The capacity information acquisition unit 102 acquires information about the available capacity of the target transmission line from the system model information. The usable amount is the amount set as the usable capacity out of the installed capacity of the target transmission line. The available amount may be the installed capacity minus a predetermined margin. The margin is less than 50%. The margin may be 20% or less, or 10% or less. The margin in this example is 5% of installed capacity. The margin may be 0. The capacity information acquisition unit 102 may acquire information indicating the available capacity, and may acquire information indicating the installed capacity. The capacity information acquisition unit 102 may acquire information indicating the margin to be secured, and information indicating the margin to be secured may be set in advance. The margin may be set for each transmission line 208 .

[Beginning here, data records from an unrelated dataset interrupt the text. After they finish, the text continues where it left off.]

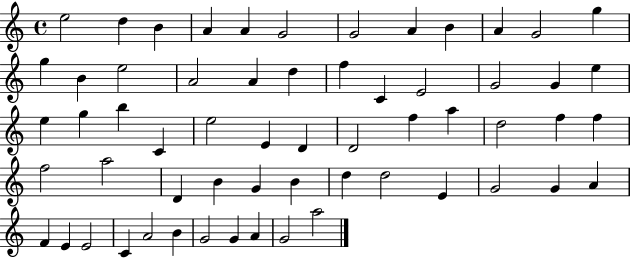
{
  \clef treble
  \time 4/4
  \defaultTimeSignature
  \key c \major
  e''2 d''4 b'4 | a'4 a'4 g'2 | g'2 a'4 b'4 | a'4 g'2 g''4 | \break g''4 b'4 e''2 | a'2 a'4 d''4 | f''4 c'4 e'2 | g'2 g'4 e''4 | \break e''4 g''4 b''4 c'4 | e''2 e'4 d'4 | d'2 f''4 a''4 | d''2 f''4 f''4 | \break f''2 a''2 | d'4 b'4 g'4 b'4 | d''4 d''2 e'4 | g'2 g'4 a'4 | \break f'4 e'4 e'2 | c'4 a'2 b'4 | g'2 g'4 a'4 | g'2 a''2 | \break \bar "|."
}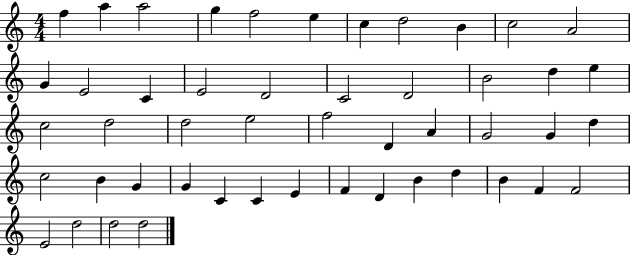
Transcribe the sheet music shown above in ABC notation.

X:1
T:Untitled
M:4/4
L:1/4
K:C
f a a2 g f2 e c d2 B c2 A2 G E2 C E2 D2 C2 D2 B2 d e c2 d2 d2 e2 f2 D A G2 G d c2 B G G C C E F D B d B F F2 E2 d2 d2 d2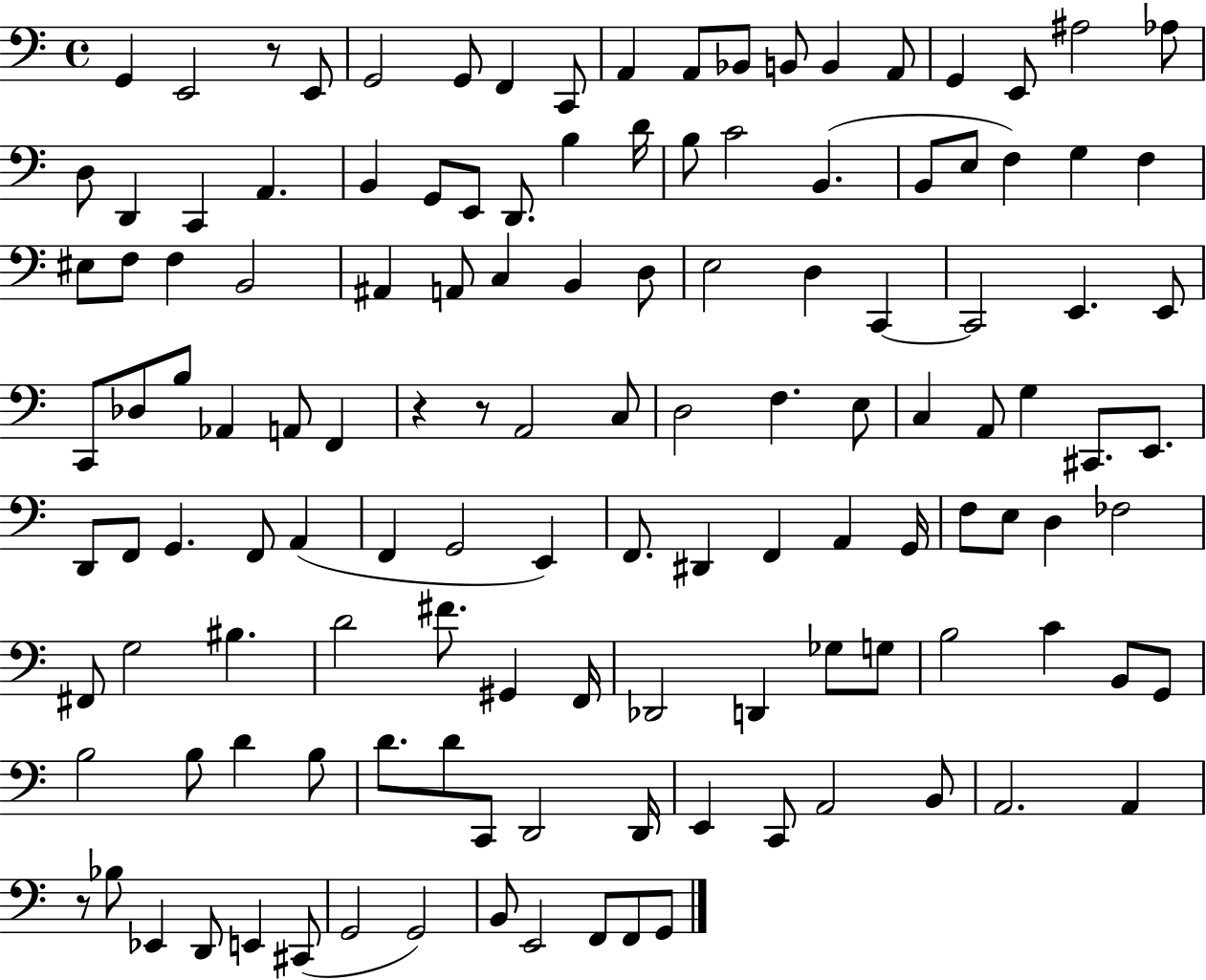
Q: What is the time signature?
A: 4/4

The operation information acquisition unit 104 acquires information about the operation capacity of the target transmission line. The information may be included in the system model information. The operation information acquisition unit 104 of this example acquires the actual value (actual usage value) of the power that flowed through the target transmission line during a predetermined period in the past. For example, the operation information acquisition unit 104 acquires the actual usage value in the most recent predetermined period. In another example, the operation information acquisition unit 104 may acquire actual usage values for a predetermined period of one year over a plurality of years, and may acquire actual usage values for a predetermined period of one month over multiple months. Well, actual usage values for a predetermined period of one week may be obtained over a plurality of weeks, and actual usage values for a predetermined period of one day may be obtained for multiple days.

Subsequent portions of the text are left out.